The CNOS architecture has been designed with a goal of making the following available:

  • a collaboration space among both the working groups and the members of a working group, through the sharing of knowledge at all levels of granularity;
  • a knowledge repository to (a) abstract, improve and store experience derived from previous projects; and (b) disseminate it to the working groups; and
  • a process-driven workplace where project team members can exchange and share knowledge, documents, and other project artifacts.

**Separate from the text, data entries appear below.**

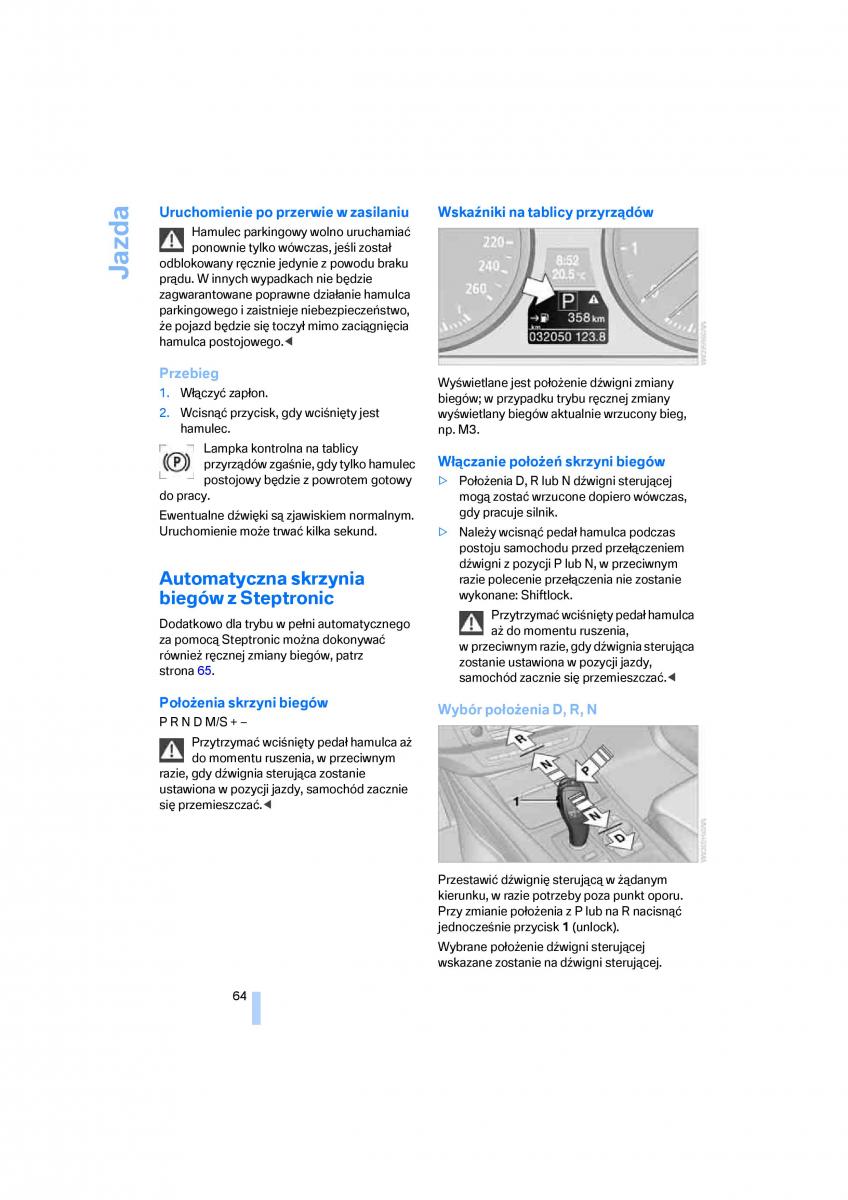 BMW E70 X5 X6 instrukcja obslugi / page 66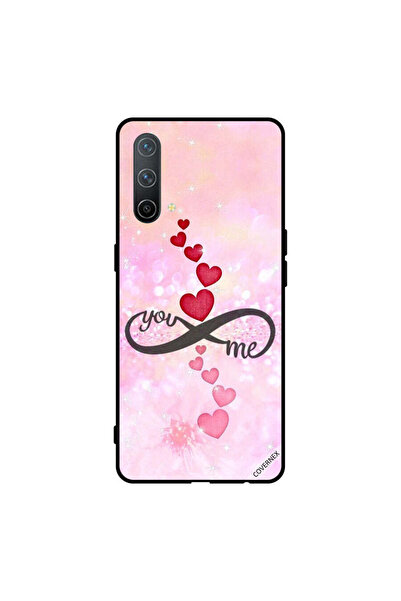 Covernex غطاء حماية لهاتف Oneplus Nord CE 5G - قلوب حمراء ووردية - You Infini...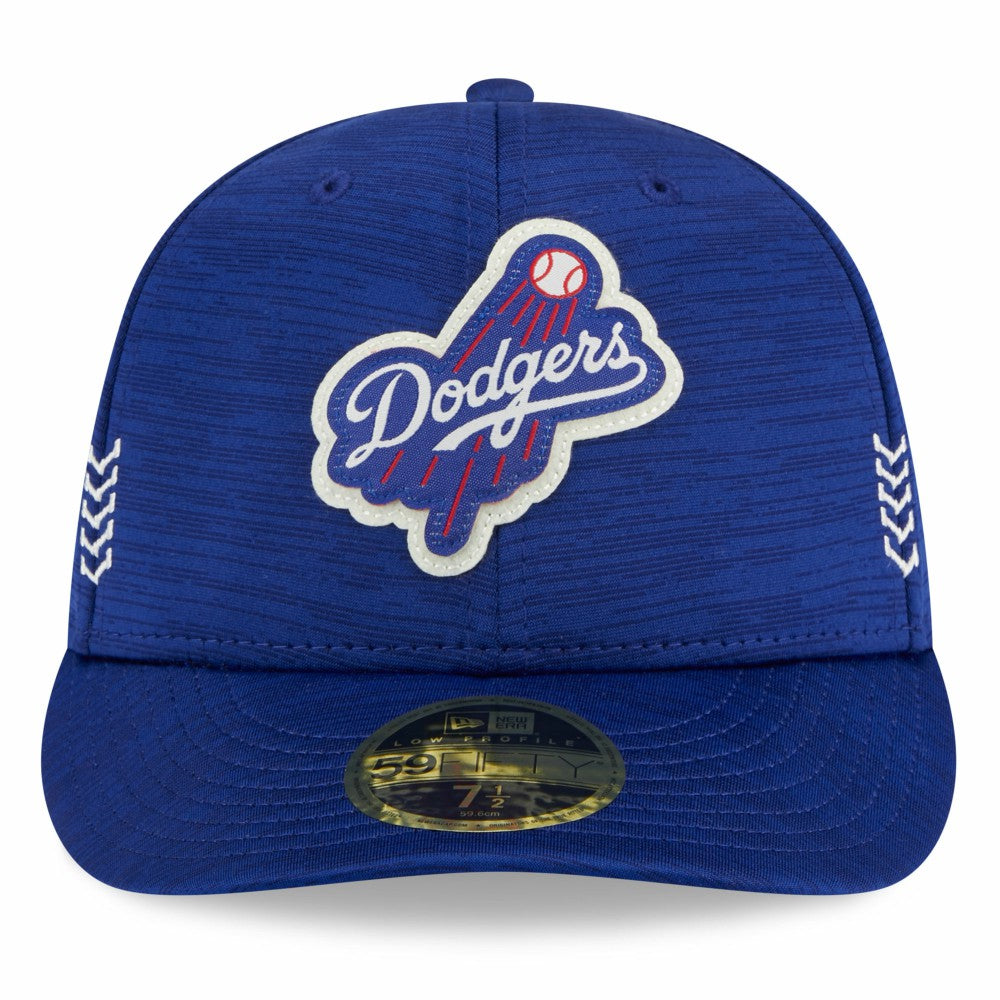 Los Angeles Dodgers New Era 2024 Clubhouse Low Profile 59FIFTY Fitted Hat Lifestyle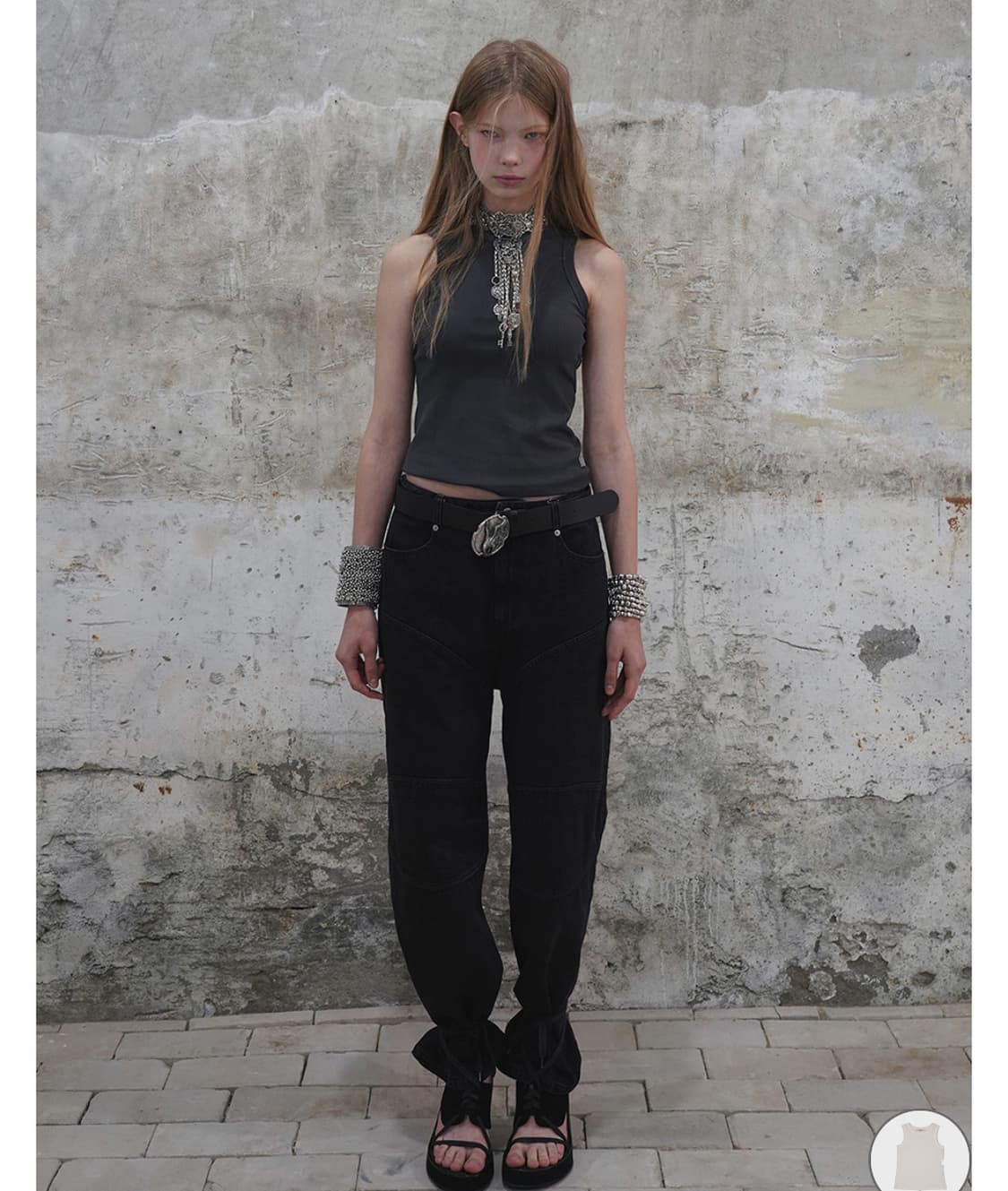 데어드 BRAIDED CUTOUT TOP 상품이미지4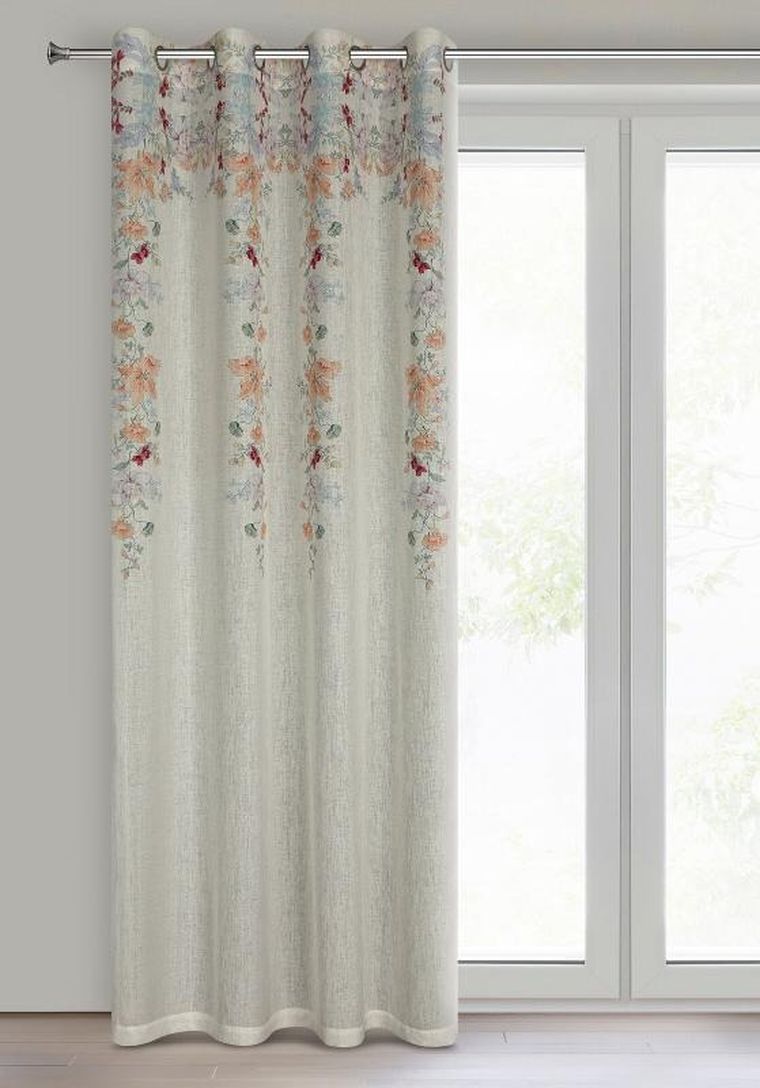 Eurofirany, zasłona gotowa Cara, 140-250 cm, naturalny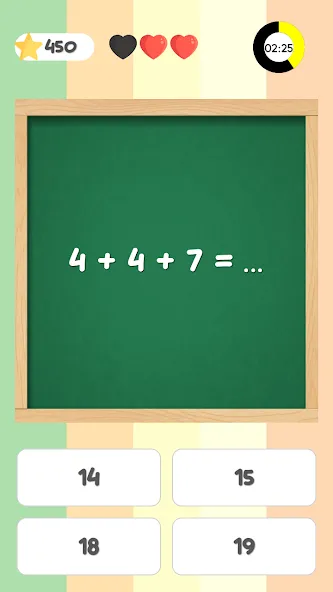 Math Quiz МОД/Взлом [Все открыто, Дополнительные деньги и Меню MOD] Screenshot 3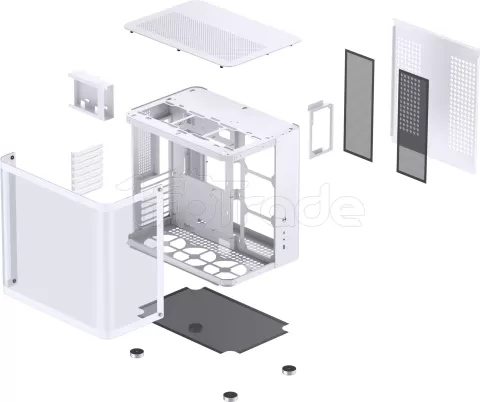 Photo de Boitier Moyen Tour ATX Jonsbo TK-2 2.0 avec panneaux vitrés (Blanc)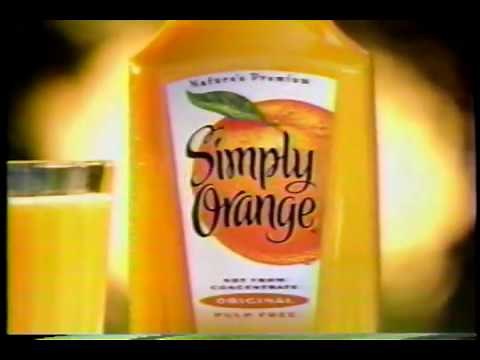 2002 Simply Orange Juice Commercial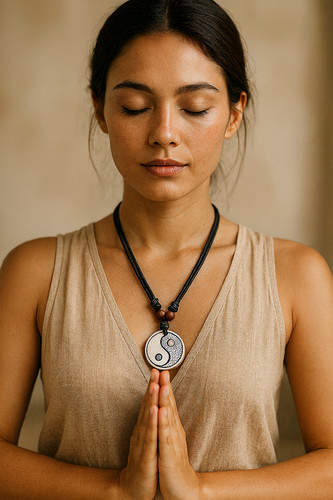 Collana yin yang - collana,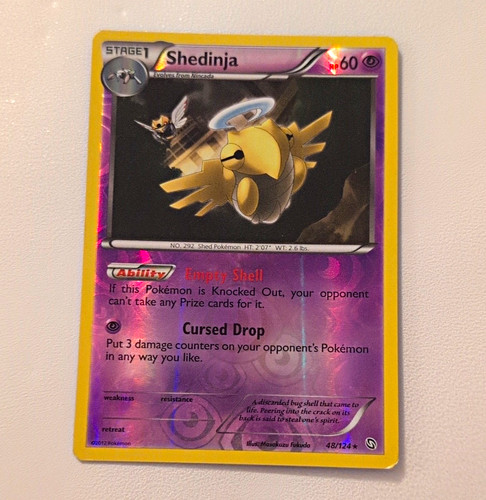 Shedinja 48/124 Dragons Exalted Reverse Holo Rare 2012 Pokemon TCG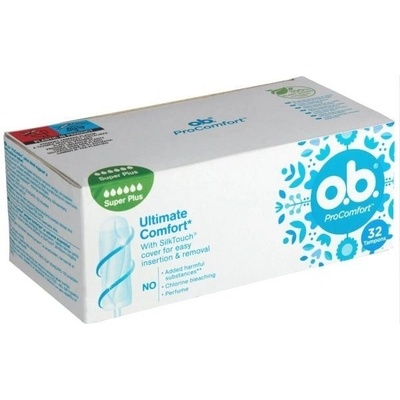 O.B. ProComfort Super Plus Tampons 32 ks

The whole EF infrastructure is made of a project organization (PO), where the projects are organized, executed, and monitored; and a knowledge organization (KO), where the knowledge is extracted, characterized, packaged, and disseminated. These organizations are integrated by means of a knowledge portal, i.e., a role-based collaboration portal that also provides the most popular Web 2.0 collaboration features (Happ, Henkel, Röhrborn, & Wünsche, 2006): chat, wikis, forums, and personal blogs. The portal can also provide feedback for each downloaded new knowledge package in such a way that the whole community can be informed on the utility of such package.

The whole infrastructure is based on open source products that have been configured/adapted in order to implement the portal, the documentation management system, the project management system, and the workflow engine.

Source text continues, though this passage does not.